Bob Dylan vs The Beatles: Take a bad job and make it better
It might not have been springtime, but Paris in late autumn is still beautiful. I was invited there to participate in an international conference on the quality of work. Unbeknown to me, my session had been informally labeled by one of our hosts as ‘Bob Dylan vs The Beatles’. The focus was interventions to improve job quality. Bob Dylan was Paul Osterman from MIT. If they were drawing on a Beatle analogy, I was hoping our hosts thought of me as John Lennon and not Paul McCartney: more working class hero than singing frog. The billing though reflects more than our differing US and UK origins; Paul Osterman and I have competing opinions about how to fix job quality and make it better.
There are currently two key reasons for intervening in job quality. First, bad jobs stretch and shred the social fabric. The global economic crisis has worsened social inequality in the US and UK. The gap between the have nots and have yachts, to pinch UK Labour Party leader Ed Miliband’s nifty phrasing, is getting wider. Second, countries with more good jobs, such as Germany, have fared better during the crisis with shorter and shallower recessions, if at all. These countries’ firms are also more innovative and their national employment rates are higher and their unemployment rates lower.

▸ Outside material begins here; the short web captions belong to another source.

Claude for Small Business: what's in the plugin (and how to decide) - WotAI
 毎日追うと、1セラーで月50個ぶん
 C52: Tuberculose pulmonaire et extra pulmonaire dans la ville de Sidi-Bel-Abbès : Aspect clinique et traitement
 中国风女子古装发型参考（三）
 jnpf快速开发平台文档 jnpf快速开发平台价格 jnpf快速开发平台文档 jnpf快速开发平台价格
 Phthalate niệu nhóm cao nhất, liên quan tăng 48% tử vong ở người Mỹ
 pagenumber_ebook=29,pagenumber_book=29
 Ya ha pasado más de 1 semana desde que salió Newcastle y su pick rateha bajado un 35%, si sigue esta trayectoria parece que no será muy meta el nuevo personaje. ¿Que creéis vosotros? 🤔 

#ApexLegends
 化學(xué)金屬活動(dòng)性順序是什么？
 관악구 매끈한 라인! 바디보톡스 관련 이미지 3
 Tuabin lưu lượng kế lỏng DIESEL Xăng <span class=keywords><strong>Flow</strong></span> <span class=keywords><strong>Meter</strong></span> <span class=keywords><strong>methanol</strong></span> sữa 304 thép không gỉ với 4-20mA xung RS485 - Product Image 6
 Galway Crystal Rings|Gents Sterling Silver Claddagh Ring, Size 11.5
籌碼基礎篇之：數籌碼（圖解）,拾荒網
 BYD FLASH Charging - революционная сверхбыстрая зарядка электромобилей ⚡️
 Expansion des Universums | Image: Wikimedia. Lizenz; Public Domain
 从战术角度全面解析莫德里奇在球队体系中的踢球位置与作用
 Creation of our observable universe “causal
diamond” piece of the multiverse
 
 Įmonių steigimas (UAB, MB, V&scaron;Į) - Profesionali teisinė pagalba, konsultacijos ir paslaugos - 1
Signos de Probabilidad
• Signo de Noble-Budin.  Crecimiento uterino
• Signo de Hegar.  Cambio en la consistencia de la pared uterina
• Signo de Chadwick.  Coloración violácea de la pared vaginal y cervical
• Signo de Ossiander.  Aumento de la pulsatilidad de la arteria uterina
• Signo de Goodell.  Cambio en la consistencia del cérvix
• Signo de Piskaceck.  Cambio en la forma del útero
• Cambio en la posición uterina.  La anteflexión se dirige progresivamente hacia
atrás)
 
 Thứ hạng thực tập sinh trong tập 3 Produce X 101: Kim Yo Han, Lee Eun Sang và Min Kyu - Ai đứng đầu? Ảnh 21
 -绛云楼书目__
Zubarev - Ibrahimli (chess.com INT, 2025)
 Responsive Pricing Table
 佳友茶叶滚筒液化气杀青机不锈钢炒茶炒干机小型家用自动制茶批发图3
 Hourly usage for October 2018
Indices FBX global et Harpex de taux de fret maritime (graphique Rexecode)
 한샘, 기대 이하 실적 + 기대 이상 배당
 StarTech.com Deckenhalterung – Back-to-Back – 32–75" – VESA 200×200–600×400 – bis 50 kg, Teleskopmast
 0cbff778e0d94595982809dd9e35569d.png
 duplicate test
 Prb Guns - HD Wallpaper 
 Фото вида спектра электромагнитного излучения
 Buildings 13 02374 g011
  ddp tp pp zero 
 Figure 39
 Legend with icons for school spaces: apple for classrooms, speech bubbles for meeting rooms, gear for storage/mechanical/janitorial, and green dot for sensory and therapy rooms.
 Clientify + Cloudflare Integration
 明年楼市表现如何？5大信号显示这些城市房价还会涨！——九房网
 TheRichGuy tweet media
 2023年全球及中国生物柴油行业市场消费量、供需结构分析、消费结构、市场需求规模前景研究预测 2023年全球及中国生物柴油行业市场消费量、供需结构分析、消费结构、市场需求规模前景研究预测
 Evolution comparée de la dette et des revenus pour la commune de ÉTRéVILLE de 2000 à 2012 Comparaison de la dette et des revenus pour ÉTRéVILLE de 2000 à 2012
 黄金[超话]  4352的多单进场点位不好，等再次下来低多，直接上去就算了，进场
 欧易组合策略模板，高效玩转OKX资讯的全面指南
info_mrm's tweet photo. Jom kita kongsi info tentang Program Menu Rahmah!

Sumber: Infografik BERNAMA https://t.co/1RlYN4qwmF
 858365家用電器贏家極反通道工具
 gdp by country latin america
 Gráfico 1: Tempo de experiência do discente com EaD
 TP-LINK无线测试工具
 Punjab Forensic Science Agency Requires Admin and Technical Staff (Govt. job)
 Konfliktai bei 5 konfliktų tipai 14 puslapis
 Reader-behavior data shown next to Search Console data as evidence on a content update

Along with his former colleague Beth Shulman, Paul published an important book in 2011 on job quality – Good Jobs America. It’s one of a raft of recent books charting the decline of job quality in the US. In the battle if ideas, Paul and Beth’s book has the power to change minds about the importance of job quality and the benefits of improving it. In fact, it should be required reading for every business school student along with the simple instruction: ‘Discuss’.
Despite being critical of economists, Paul and Beth adopt an economistic perspective on job quality – that it’s all about pay. As a consequence, they then argue that what’s needed to improve job quality is a pay hike. This hike can take different forms: localised living wages or national minimum wages for example.
With over a fifth of US (and UK) workers now in low wage work, raising pay is an obvious way to improve jobs. It’s also an easy target and a quick fix – clear to all and its impact can be immediate. Making work pay is important and there are examples of successful living wage campaigns on both sides of the Atlantic.
The problem is that intervention to improve job quality is reduced to a pay policy – or income policy if government decides not to force employers to pay more but instead offers tax credits to the working poor. Although important, pay is only one aspect of work, and one not necessarily rated highly by workers. Job quality, and what makes a good job, is more complex. Higher pay might help improve bad jobs but higher pay doesn’t necessarily make a job good.
A study by John Sutherland exploring what makes a good job shows that workers rank high pay only seventh. More important to workers are jobs that allow them to use their initiative, that they like doing, in which they have friendly work colleagues and good relations with the boss. Sutherland’s findings reflect research on UK hotel room cleaners that I undertook with colleagues for the Russell Sage Foundation. In this research we asked these cleaners what a makes a good job. They said that being directly and permanently employed by a hotel rather than a temporary agency was ideal. The reason is that such jobs offered fixed working days and hours with regularised and predictable income, even if the pay rate remained low.
It’s in everyone’s interest that job quality is improved. Job quality correlates with individual well-being, firm productivity and innovation, and national and regional competitiveness. Without intervention to make that improvement, Bob Dylan might be right: A Hard Rain’s a-Gonna Fall. However we first need to agree a definition of job quality and from that definition identify what makes a good job. Only then can we then decide who should intervene – government or community groups for example – and how they should intervene – though legislation or community boycotts for example. And despite differences in approach between Paul/Bob and myself, there is common ground about the task. As The Beatles might have sang: ‘Hey Jude, take a bad job and make it better.